PARRY SOUND-MUSOKA - MP Tony Clement has been getting calls from his constituents. Ever since Prime Minister Stephen Harper made a speech in Switzerland two weeks ago announcing to the world that Canada is looking into changes to its Old Age Security program, seniors have wanted to know what that will mean to them.
Clement says Old Age Security is unsustainable.
MP TONY CLEMENT
Harper suggested the government might change the age of eligibility from 65 to 67.
But, Clement says, this won’t affect people currently receiving benefits or people planning to retire any time soon.
“Anyone who’s a senior now – not affected. Anyone who’s near being a senior now – not affected. Maybe there are some 45 year olds out there that will be upset … but they can take into account the situation and they’ve got 20 plus some years to rearrange their affairs … and knowing full well when they need the system it will be fully funded, not a system that’s crashing.”
He said it is not yet policy so he can’t speculate about actual timeframes, but that it could be more than 10 years before changes take place.
He’s getting a couple of calls a day from area seniors.
Muskoka has a senior population of 24 per cent, compared to the provincial average of 17. There are currently 150 area seniors on a wait-list for affordable housing, according to Rick Williams, commissioner of community services for the District of Muskoka.

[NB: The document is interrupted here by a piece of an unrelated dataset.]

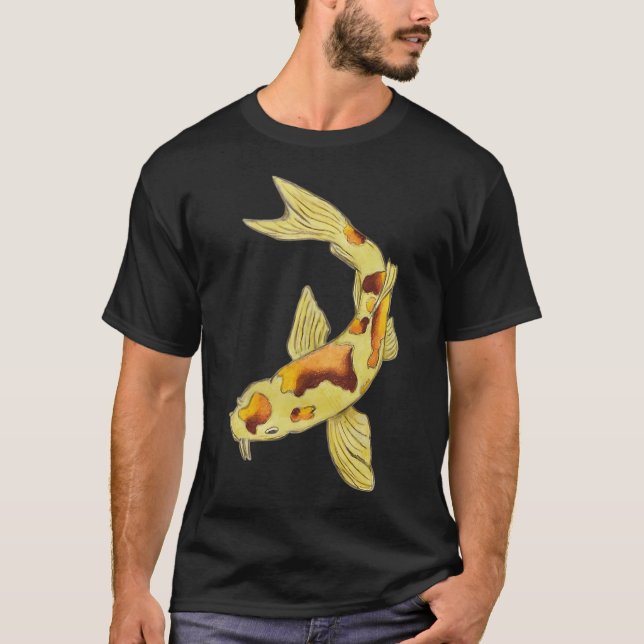Gul Koi-fisk T Shirt (Framsida)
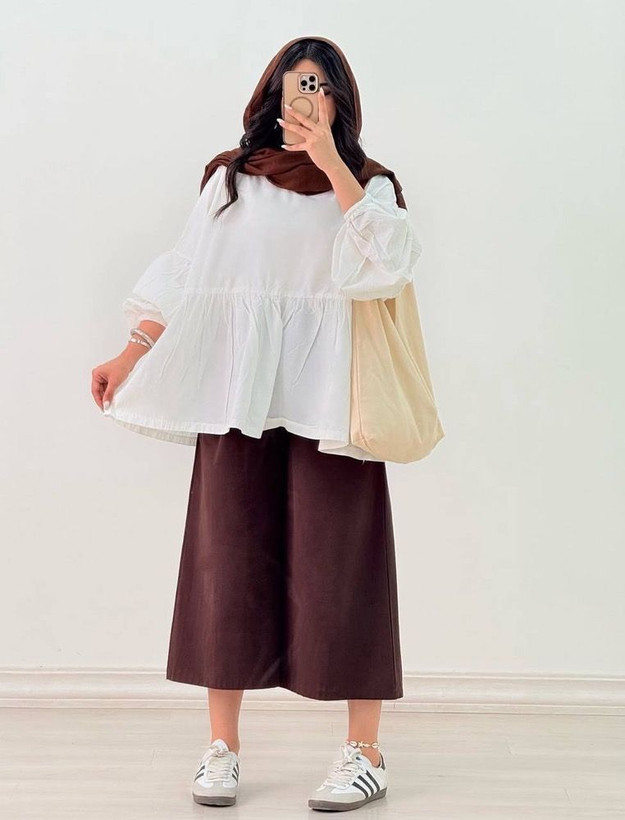 شومیز آستین پفی فری سایز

Clement is adamant that changes will not affect the Canada Pension Plan; that it is self-sustaining, but may affect Old Age Security, which is funded through the federal budget.
Williams said the current pension eligibility age of 65 was established when the average age of mortality was 71.

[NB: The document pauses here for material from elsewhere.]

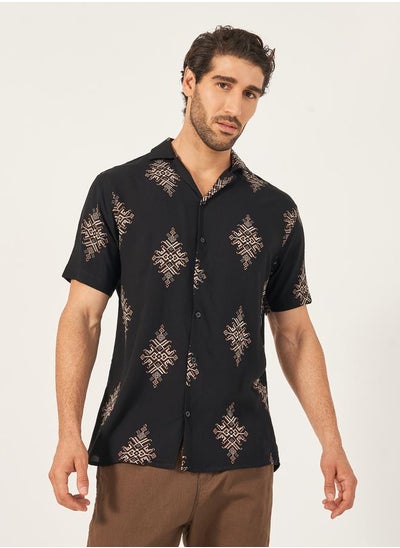 Buy Relaxed Fit All Over Print Shirt in Saudi Arabia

“And now it’s closer to 80 … there needs to be adjustment, sustainability.”
But he said that raising the age of eligibility would put more pressure on the provincial welfare system. Currently Ontario Works cuts off at age 65, when Old Age Security kicks in.
Also welfare payments have been historically at a lower rate than the pension rate, so seniors in poverty will have to make due with less for two additional years.
“There’s an inevitability to some reform, just how do you achieve fairness? There’s lots of tricky things in there,” said Williams.
Clement said demographic trends have pointed to a need for reform for a long time.
“The population is aging, there are fewer workers to support seniors in their retirement.”
He said the government is opening the discussion to get feedback from the Canadian public and is “crunching numbers” to determine how to reform the system to make it sustainable.
“This discussion is about people who are years away from retirement who want to gain access to retirement income other than the Canada Pension Plan and who want to make sure that program is sustainable. We want to make sure it’s sustainable too. That’s why we’re launching this dialogue.”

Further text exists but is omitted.